Глава 5. Рисовать звуком (Репетиция «Времен года»)

​Прошло несколько лет. Слава Вивальди гремела по всей Европе, но здоровье маэстро становилось всё более хрупким. В этот душный июльский полдень в репетиционном зале Ospedale della Pietà было не продохнуть. Окна были распахнуты настежь, но с лагуны тянуло лишь тяжелым, горячим маревом.

​Воспитанницы приюта — юные скрипачки в строгих белых платьях — сидели полукругом. На их лбах блестели капли пота, но ни одна не смела опустить смычок. За пультом стоял Вивальди. Он был без сутаны, в одной лишь легкой полотняной рубашке с расстегнутым воротом, растрепанный и яростный, как сама гроза, которую они сейчас репетировали.

​Анна сидела чуть в стороне, на невысоком деревянном табурете у окна. В её руках был веер, которым она мерно покачивала, создавая едва заметное движение воздуха, и тетрадь с сонетами — теми самыми стихами, которые Антонио сам написал к каждому из концертов. Она знала эти строки наизусть.

​— Нет, нет и еще раз нет! — Вивальди резко стукнул смычком по пюпитру, оборвав оркестр на полуслове. Девочки-скрипачки испуганно замерли. — Вы играете просто ноты, синьорины! Вы играете сухую троичную долю! А мне нужен страх! Анна, прочитай им еще раз. Пусть они услышат, что скрывается за этими черными точками на бумаге.

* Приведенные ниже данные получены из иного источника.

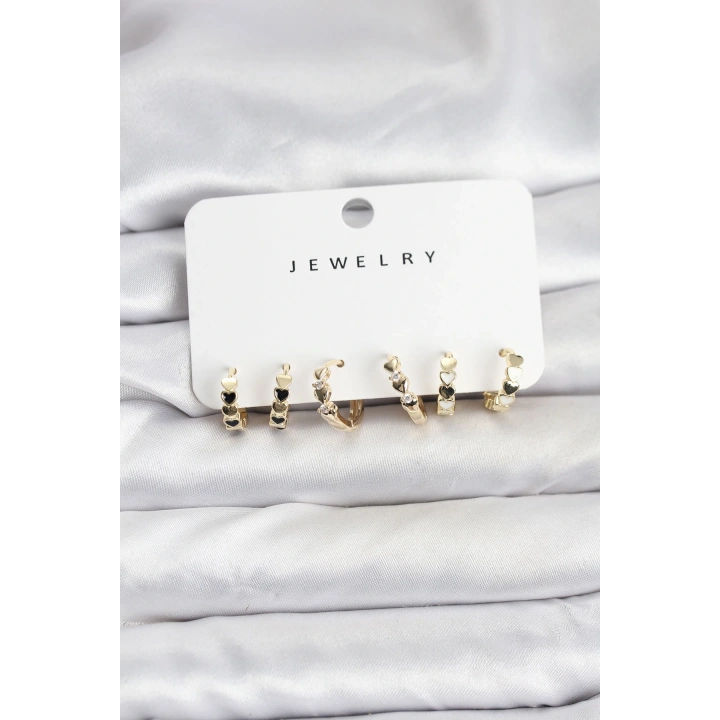 BFS Gold Renk Pirinç Minimal Kalp Detaylı Kadın Küpe Seti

​Анна отложила веер, поднялась и, раскрыв тетрадь, спокойно и четко произнесла строки из сонета к «Лету»:

​«От тяжкого, томительного зноя

Страдает стадо, сохнет материк.

Кукушки голос… горлицы стенанье…

И вдруг — борей вздымает грозный лик…»

​— Вы слышите? — подхватил Вивальди, его глаза лихорадочно блестели. — Сначала зной! Воздух застыл, птицы едва дышат. Скрипки, покажите мне это оцепенение, этот зуд мошкары в траве! Салвия, твоя виолончель — это далекий, еще робкий раскат грома. А потом… Анна, что там дальше?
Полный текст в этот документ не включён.